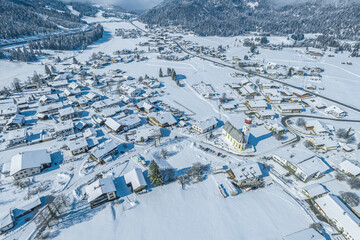Fototapeta na wymiar Traumhafter Wintertag im Tiroler Ausserfern - die Gemeinde Heiterwang im Luftbild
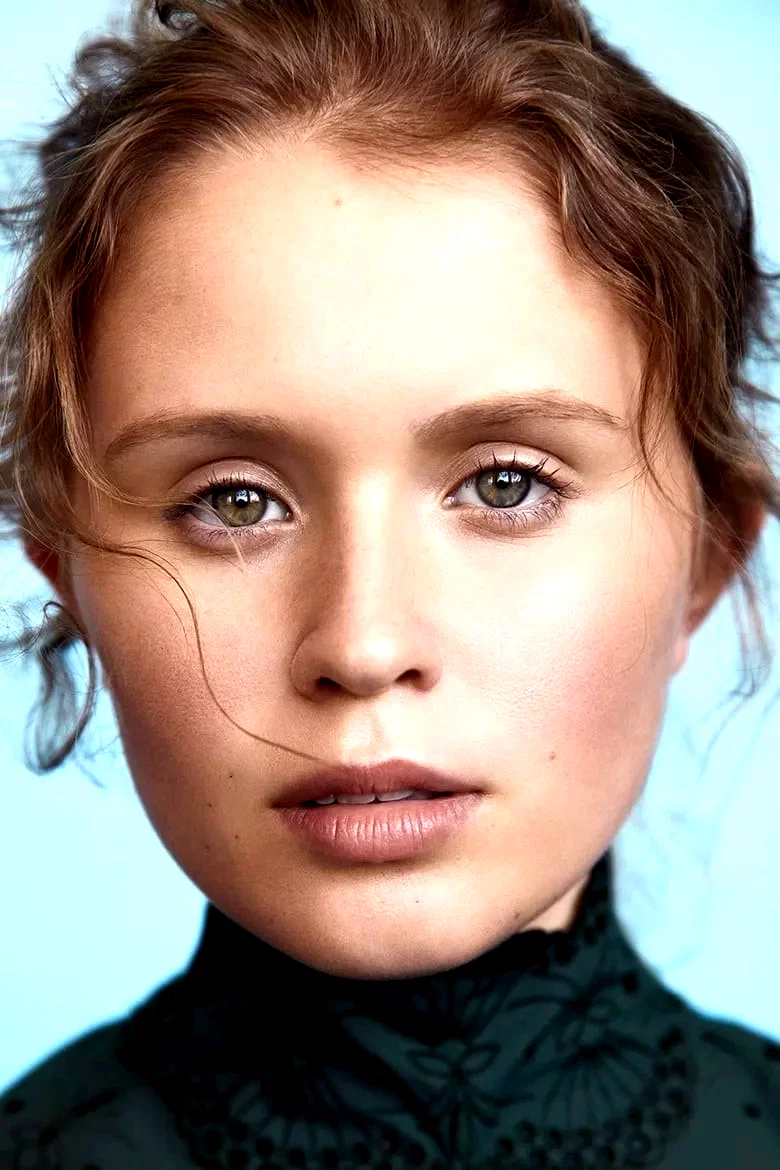  Eliza Scanlen
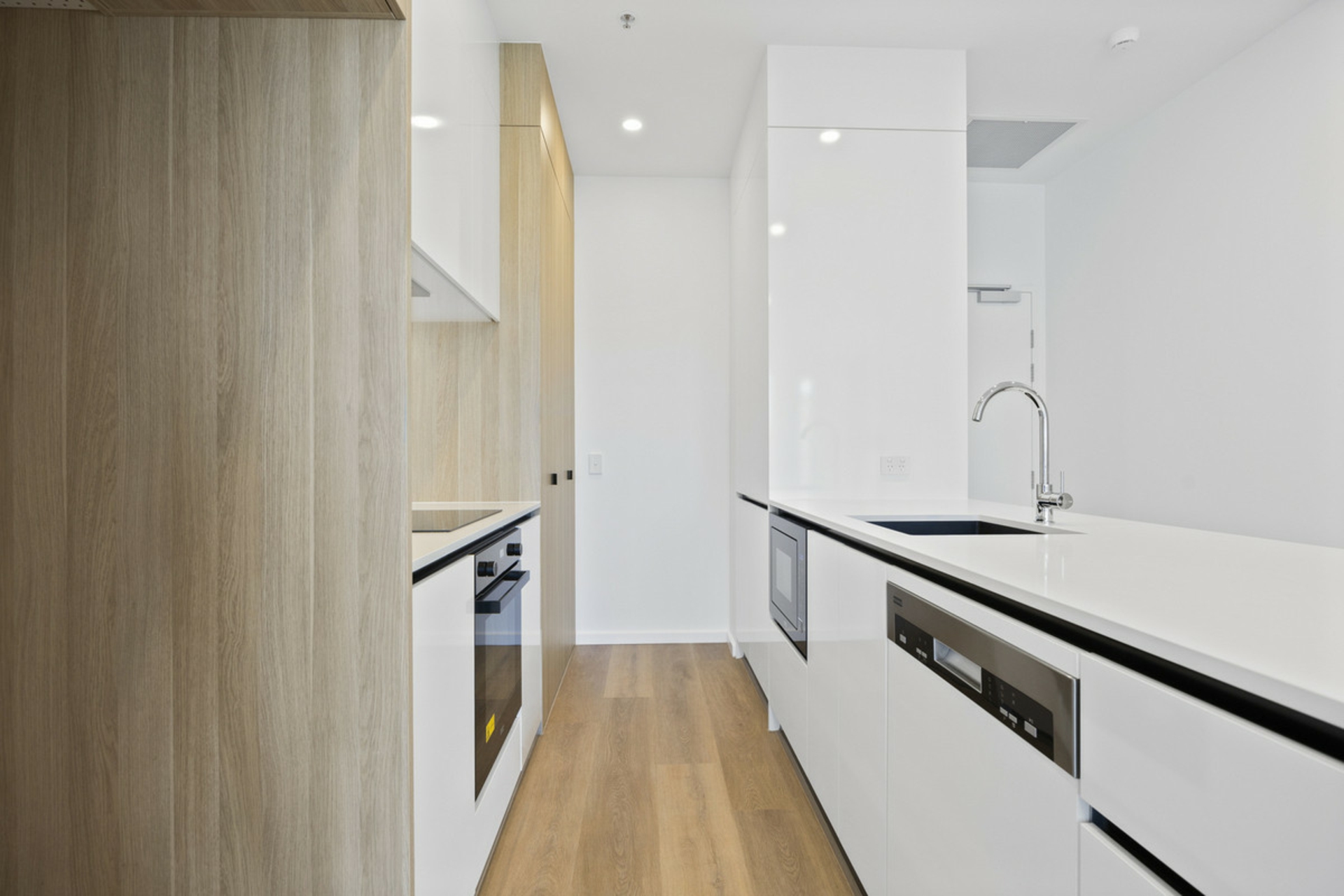 21/17 Captain Cook Crescent, GRIFFITH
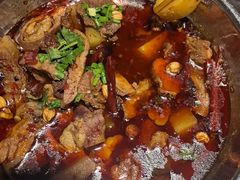 -大众跷脚牛肉馆·非遗传承单位(峨眉山店)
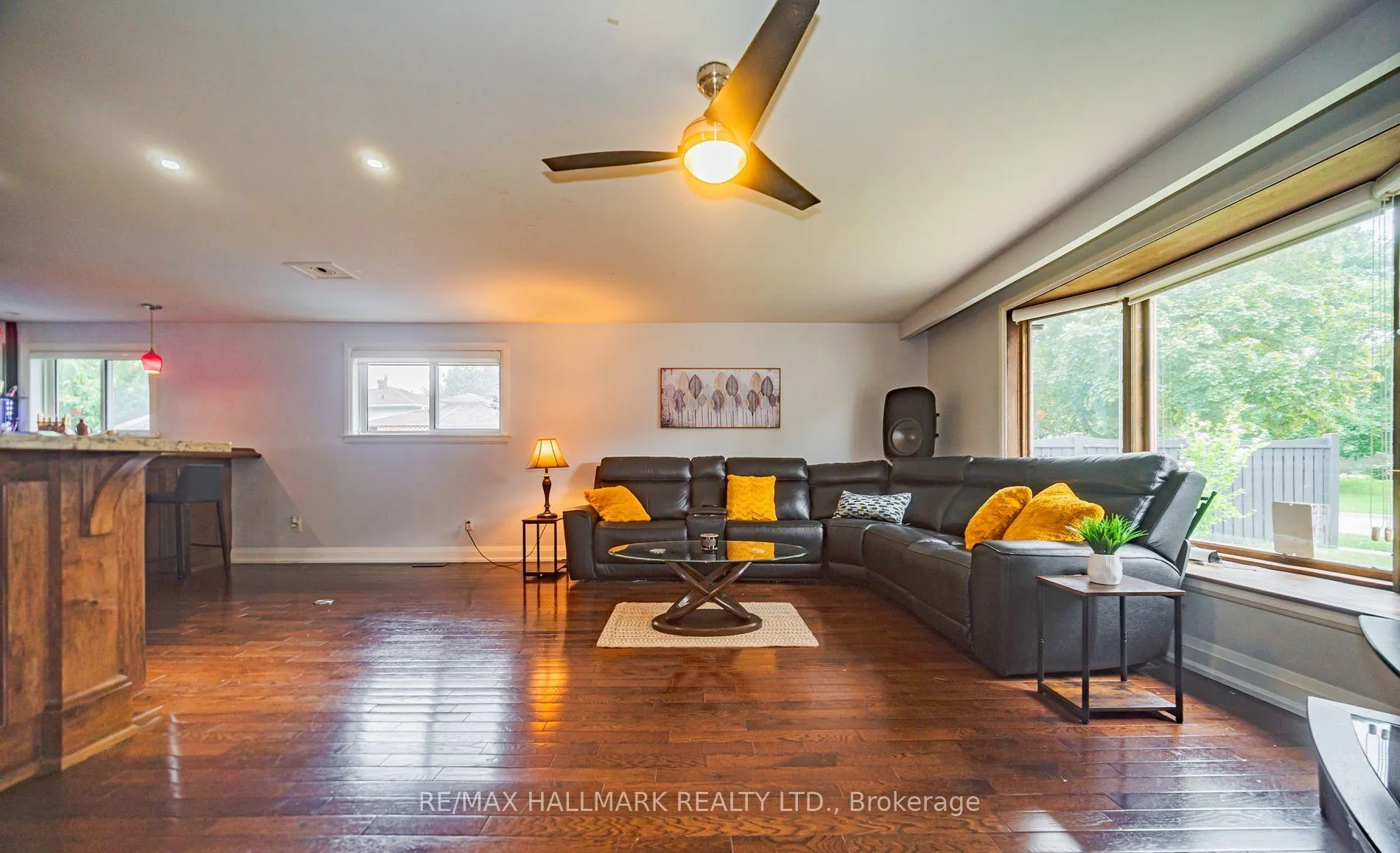 Photo 9 of 4 Devins Drive, Aurora, Aurora Heights — HOMEH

:: ACTIVITY ::
Leave every image out and retype the entries above word for word.

:: EXERCISE RESPONSE ::
Fototapeta na wymiar Traumhafter Wintertag im Tiroler Ausserfern - die Gemeinde Heiterwang im Luftbild
  Eliza Scanlen
 21/17 Captain Cook Crescent, GRIFFITH
 -大众跷脚牛肉馆·非遗传承单位(峨眉山店)
 Photo 9 of 4 Devins Drive, Aurora, Aurora Heights — HOMEH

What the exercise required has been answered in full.